Rolls Royce (LSE: RR) has had some very bad years recently, but its outlook going forwards is promising: if the company’s management can navigate some difficult financial waters, then I believe its share price will recover.

The biggest positives for Rolls-Royce are the numerous defence contracts it has signed with the U.S government. These contracts are to refit the U.S air force with new engines for their bombers. Rolls-Royce engineers will also be contracted to repair and supply spare parts for these new engines.

This alone is enough to make me bullish. The U.S has a vested interest in remaining the world’s preeminent hyperpower and has always been willing to spend as much as it takes to achieve this goal. It is a well-known fact that the U.S spends more on defence than the next 10 nations combined: it wants the best for its military and will spare no expense.

The contract may only be for £2.6bn for now, but if Rolls Royce impresses the U.S military, then it can expect to profit for decades to come.

This is why, despite an admittedly poor debt to asset ratio, some analysts are predicting a 9% rise in revenue each year going forwards.

While this growth isn’t incredible by industry standards, it has been enough for Rolls-Royce to turn a profit once again this year.

I believe that Rolls-Royce is undervalued and I’ll be adding it to my portfolio.

James Reynolds does not hold any shares mentioned.


Bearish: Royston Wild

The Rolls-Royce share price has risen an impressive 80% or so over the past 12 months. It’s perhaps no surprise that the plane engine manufacturer has soared as travel restrictions have been steadily unwound. However, it’s my belief that Rolls-Royce shares could now be looking overly expensive. 

At current prices around 135p, Rolls-Royce trades on a price-to-earnings (P/E) ratio of 25 times for 2022. It’s a hefty valuation in my opinion given that the FTSE 100 firm isn’t out of the woods just yet. A setback in its turnaround plan, and/or fresh trouble for the aviation industry, could send its share price plummeting from recent levels. 

The biggest threat to Rolls-Royce remains the ongoing Covid-19 crisis. In the near term this threatens to hammer servicing revenues, and further out could it have a disastrous impact on demand for its engines. Rising infection rates in parts of the world mean that some countries are tightening travel rules again, causing fresh worries for the aviation sector. 

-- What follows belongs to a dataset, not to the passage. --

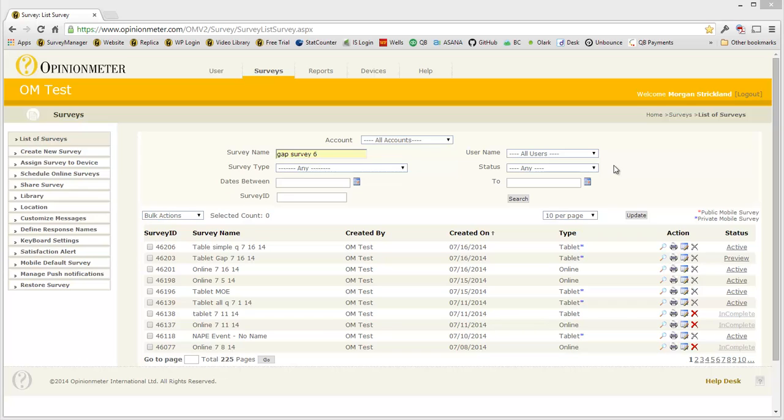Hello, in this quick tutorial we're going to talk a little bit about the gap analysis question type that we've recently added to our survey manager.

The prospect of a long and lumpy road out of the pandemic is particularly worrying given the huge amount of debt Rolls-Royce is nursing. It had £4.9bn worth of net debt on its books as of June. Not only could have a significant impact on the engineer’s growth strategy, such as an increased focus on green technology. It could also compromise Rolls-Royce’s very survival.  

Cost-cutting and asset sales at the firm have generally gone well to date. But that huge debt pile might spook investors if Rolls-Royce’s streamlining plan starts to run out of steam. All things considered, I believe the engineer remains far too risky. 

Royston Wild has no position in any of the shares mentioned.